Amidst a brewing industry that is best known for industrialization, economies of scale and consolidation, a craft brewery is just about as inefficient as a typewriter. The process of brewing small, non-standardized and most times, offensive tasting beer is an inefficient one and common logic would suspect unprofitable too. However, Sam Caligone, Founder of Dogfish Head Brewing Company, highlights the benefit and potential of the size of craft brewing:
Basically there are two kinds of corporate inefficiencies: those that hurt your bottom line, and those that help it. A straightforward production inefficiency, like a broken bottling line that shoots out unlabeled bottles, is obviously hurtful. But an inefficiency like incorporating more costly, natural ingredients into a product than your competitor does in a similar product can have a positive effect on the bottom line if this innovation allows you to charge significantly more for your offering than your competitors can charge for their lower-quality, but more affordable, product.
Sam acknowledges that some inefficiencies are actually quite productive and the things that big breweries, such as Anhueser-Busch or Coors, have turned their backs on are what provide a foundation for craft breweries to flourish. While McDonalds’ is fantastically efficient at producing hamburgers and fries, I’ll choose the little burger joint around the corner from my house nine times out of ten because I want my burger to be juicy, topped with rich tomatoes and asked the question, “How would you like your burger?” when I order. When’s the last time McDonald’s cared to ask how you liked your burger cooked?
The point being that I demand some form of intimacy and care with my food and drinks. Sometimes the inefficiencies of slow cooking, small portions and human contact produce the best results. Craft breweries own this realm by injecting intimacy into the brewing and beer-drinking process – humanizing the experience in ways big breweries can’t.
Craft Breweries’ Values
Craft breweries were originally born from a hatred for low-quality, mechanized, generic beer. Ultimately, craft breweries were born from a belief that beer could be done better and that if you want good beer, you just have to do it yourself.
Craft breweries have mastered the blending of high-grade ingredients and old-school brewing methodologies in smaller-sized batches. In result, craft breweries have flourished selling what most people have always wanted: good beer. Craft brewing is a movement to bring beer back to what it was in the 1800’s when there were hundreds of small breweries providing crafted beer for local patrons.

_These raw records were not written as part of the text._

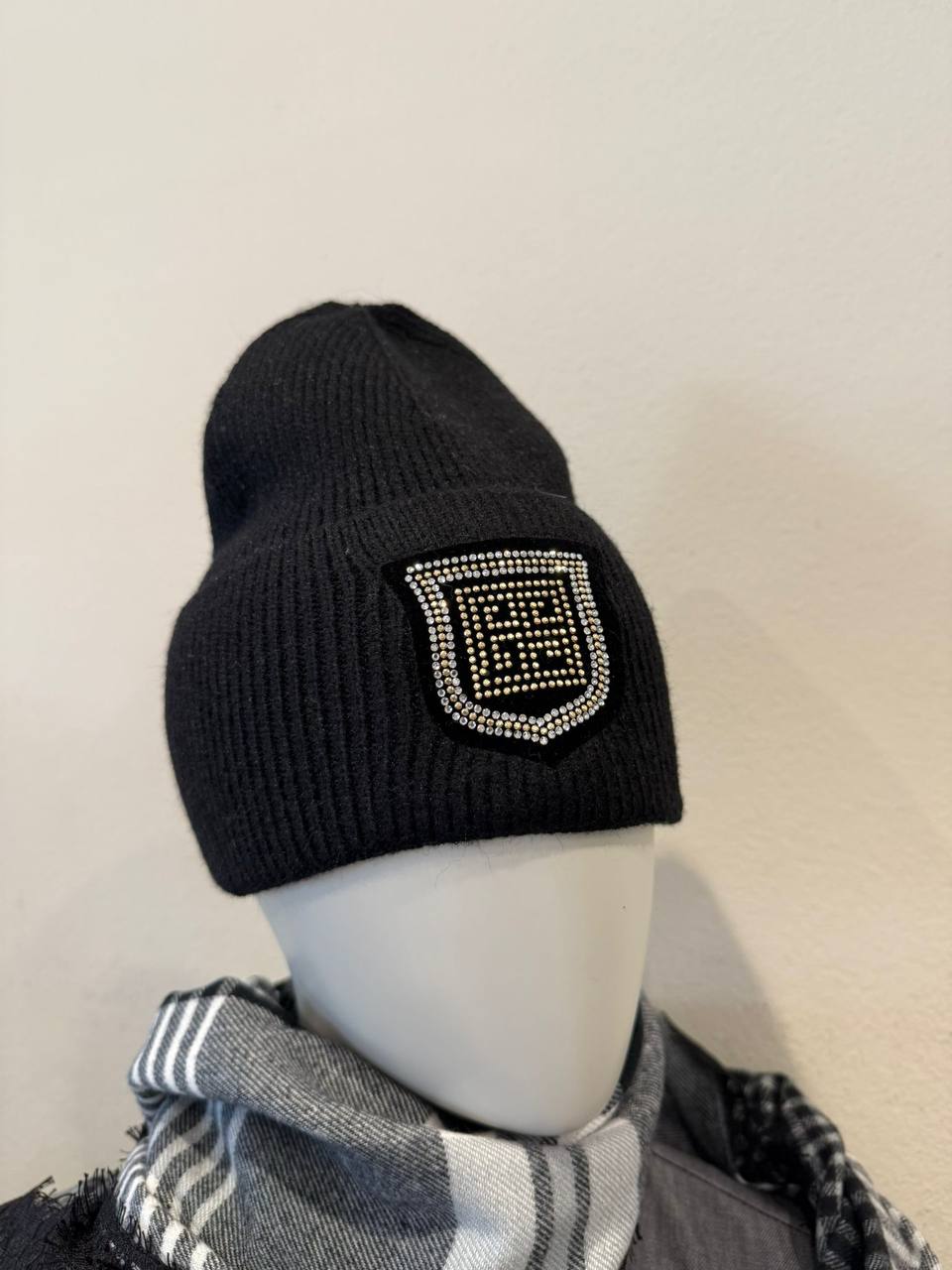 Итальянская одежда, бренд Gil Santucci, арт. 74000913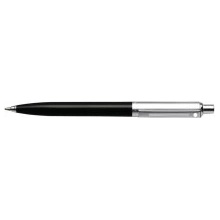 Sheaffer CT 321-2/001 Sentinel Black guľôčkové pero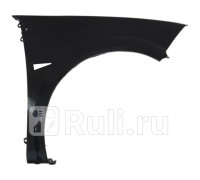 RNMEG03-271B-R - Крыло переднее правое (DE-GA) Renault Megane 2 (2002-2006)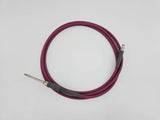 Acclarent LGC2 Fiber Optic Light Cable 8' Primis Medical
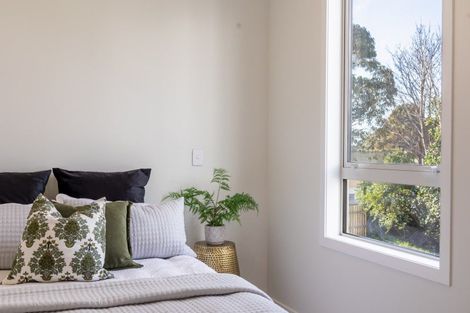 Photo of property in 57c Maclean Street, Paraparaumu Beach, Paraparaumu, 5032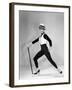 Debbie Reynolds, 1960-null-Framed Photographic Print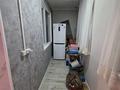 3-бөлмелі пәтер · 60 м² · 4/5 қабат, ул. Жангильдина — МОЛДАГУЛОВОЙ, бағасы: 24 млн ₸ в Шымкенте, Аль-Фарабийский р-н — фото 22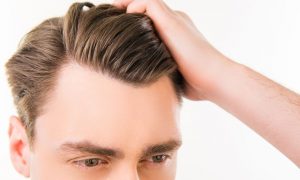 INJERTOS CAPILARES CABELLO PELO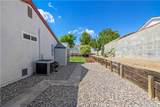 20155 Keaton Street - Photo 36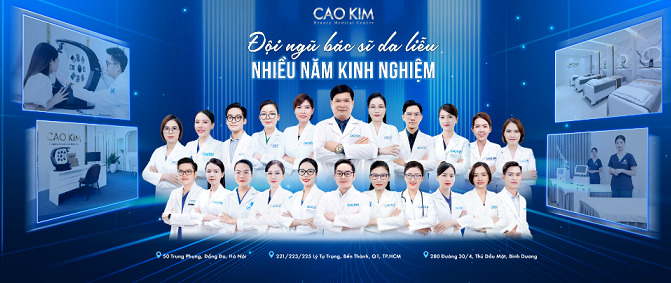 Doanh nghiệp thẩm mỹ lao đao vì “cạnh tranh bẩn” thời công nghệ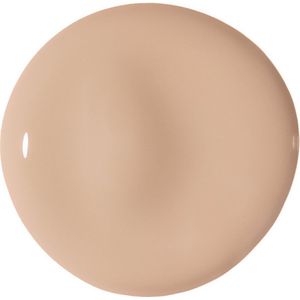 L’Oréal Paris - Accord Parfait - Make-up Foundation - 30 ml - Vloeibaar - Natuurlijke Finish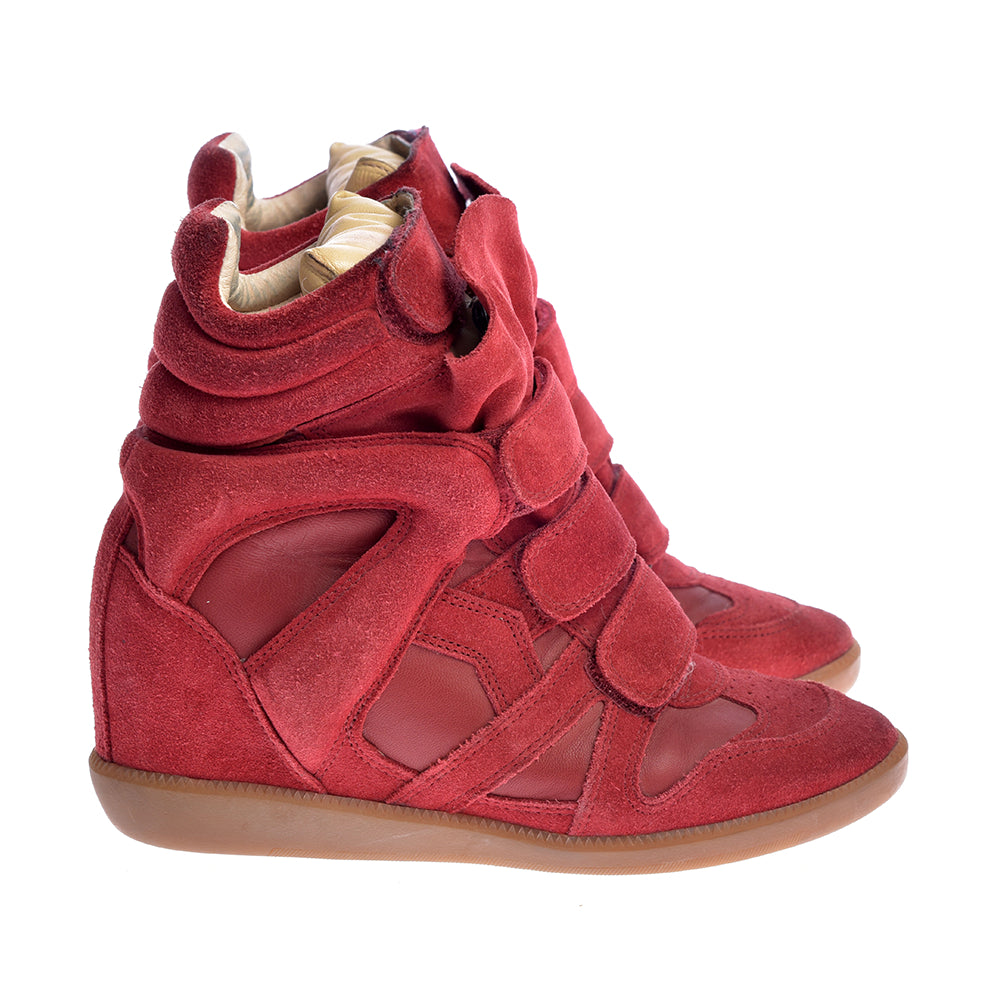 Isabel Marant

Unfortunately, since, the industry has gone through rapid consolidation and a trio of macro-breweries have dominated the drinking public commodifying beer in the same way fast-food has commidified hamburgers.
In contrast to large breweries, craft is not about production or efficiency, but about providing something expressive, unique, and engaging. The artist and businessperson have a similar primary goal to create something unique and meaninful that leaves a lasting impression on the world.
The craft business is a unique, artistic process that attempts to engage the consumer’s mind and senses in nontraditional yet productive ways. It is important to keep in mind that craft beer is more than just a business, it is an art. Expensive and rare ingredients are hand-crafted to form a unique experience for the customer, who is purchasing art in the form of beer.
Craft Breweries by the Numbers
The Brewers Association defines a craft brewer as small, independent, and traditional. Annual production of a craft brewer is less than 2 million barrels, although most are less than 15,000 barrels. Less than 25 percent of the craft brewery is owned or controlled by an alcoholic beverage industry member who is not a craft brewer. Most specialty breweries are privately owned by the founder and brew-master. The typical flagship of a specialty brewery is its traditional all malt consistency; at least 50 percent of its volume is either all malt beers or in beers that use adjuncts to enhance rather than lighten flavor. Instead of replacing barley malt with corn or rice, the adjuncts are ingredients such as fruit, spices, or wood chips.
Ultimately, the hallmark of a craft brewery is intimacy, innovation and passion. These small-sized breweries bring a humanizing touch to the brewing process – helping restore quality, individualism and broad ranging flavor in the industry. While macrobreweries provide the every-man’s beer, craft breweries provide ‘you’ beer. A craft brewer is today’s version of a blacksmith – personalizing a variety of flavors and styles. While some might consider craft breweries to be inefficient, the quality of beer and success in the U.S. cannot be ignored.